Predictions with PYMC, Dont work on test data set

test · January 17, 2025, 6:49pm

Hey I am trying to set up a model, but I can not predict with it. The discussions before did not really helped me. I just wanna draw some samples from my posterior distribution. pm.set_data sets up my data correctly, but the posterior_predictive function works just on my training set. I briefed all possible mistakes, there are no invalid groups, both columns from my test dataset having the same length, but It wont work. Please help me It drives me crazy.

import pandas as pd
import numpy as np
import pymc3 as pm

# 
dtype_dict = {
    'FEATURE_1': 'float',  
    'CATEGORY': 'category',  
    'COUNT': 'int',  
    'TIME': 'int'  
}
usecols_list = list(dtype_dict.keys())
data = pd.read_csv(
    'path/to/your/data.csv',  
    sep=';',  
    header=0,
    dtype=dtype_dict,
    usecols=usecols_list
)

# Filter 
data = data[data['FEATURE_1'].isin([0, 1]) & data['FEATURE_1'].notna()]
data_prior_analysis = data[(data['TIME'] >= 1994) & (data['TIME'] < 1996)]
data_train = data[(data['TIME'] > =1996) & (data['TIME'] <= 1998)]
data_test = data[data['TIME'] > 1999]

# function Prior knowledge
def observing_prior_knowledge(df, count_col, category_col, feature_col):
    epsilon = 1e-8  

    selected_data = df[[count_col, category_col, feature_col]]
    category_stats = selected_data.groupby(category_col)[count_col].agg(['mean', 'median', 'std'])
    category_stats['log_mean'] = np.log(category_stats['mean'] + epsilon)
    category_stats['log_median'] = np.log(category_stats['median'] + epsilon)

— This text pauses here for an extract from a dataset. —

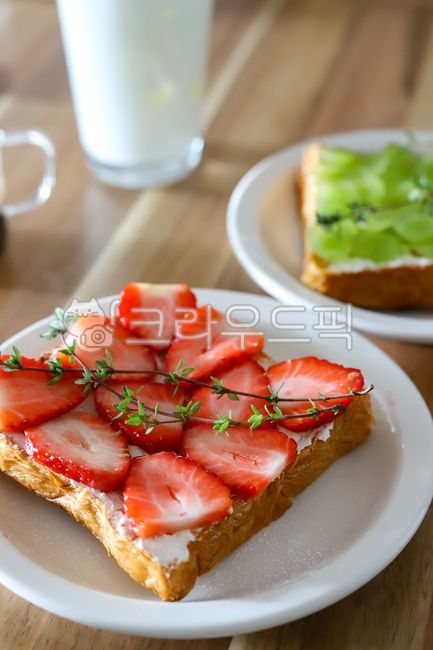 딸기,딸기디저트,과일디저트,토스트,딸기샌드위치,디저트,샌드위치,타임,허브,포도,청포도,홈카페,카페메뉴,카페디저트,카페,음식,접시,strawberry,grape,thyme,나무테이블,우드테이블,table,wood,plate,dish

    feature_stats = selected_data[feature_col].agg(['mean', 'median', 'std'])
    feature_stats['log_mean'] = np.log(feature_stats['mean'] + epsilon)
    feature_stats['log_median'] = np.log(feature_stats['median'] + epsilon)

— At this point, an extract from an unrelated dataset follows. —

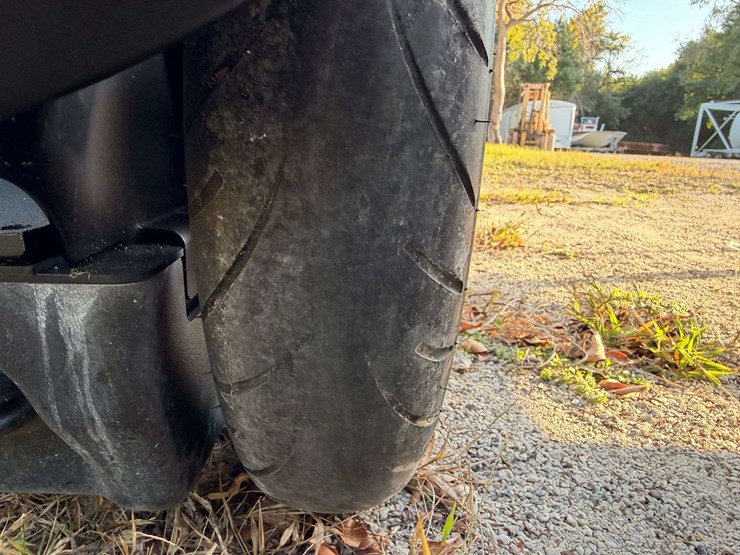 2014-segway-r1376-image-18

    feature_df = pd.DataFrame(feature_stats).transpose()
    feature_df.index = ['FEATURE_STATS']

    result_df = pd.concat([category_stats, feature_df])
    return result_df

# prior knowledge
data_prior = observing_prior_knowledge(data_prior_analysis, 'COUNT', 'CATEGORY', 'FEATURE_1')

# preparing data train
cat_idx, groups = pd.factorize(data_train['CATEGORY'], sort=True)
feature_data = data_train['FEATURE_1'].values
counts = data_train['COUNT'].values

# Priors
group_means = data_prior.loc[groups, 'mean'].fillna(0).values
group_stds = data_prior.loc[groups, 'std'].fillna(1).values
beta_cont_mean = data_prior.loc['FEATURE_STATS', 'mean']
beta_cont_std = data_prior.loc['FEATURE_STATS', 'std']

# Model
coords = {"group": groups, "feature": feature_data}

with pm.Model(coords=coords) as frequency_model:
    category_data = pm.Data("CATEGORY", cat_idx, mutable=True)
    feature_data = pm.Data("FEATURE_DATA", feature_data, mutable=True)

    # Priors
    Intercept = pm.Normal("Intercept", mu=0, sigma=1)
    beta_cat = pm.Normal("beta_cat", mu=group_means, sigma=group_stds, dims="group")
    beta_cont = pm.Normal("beta_cont", mu=beta_cont_mean, sigma=beta_cont_std)

    # Model
    lambda_freq = pm.math.exp(Intercept + beta_cat[category_data] + beta_cont * feature_data)

    # Likelihood
    counts_obs = pm.Poisson("counts", mu=lambda_freq, observed=counts)

    # Sampling
    trace = pm.sample(1000, chains=4, tune=1000, return_inferencedata=True)
    posterior_predictive = pm.sample_posterior_predictive(trace, extend_inferencedata=True)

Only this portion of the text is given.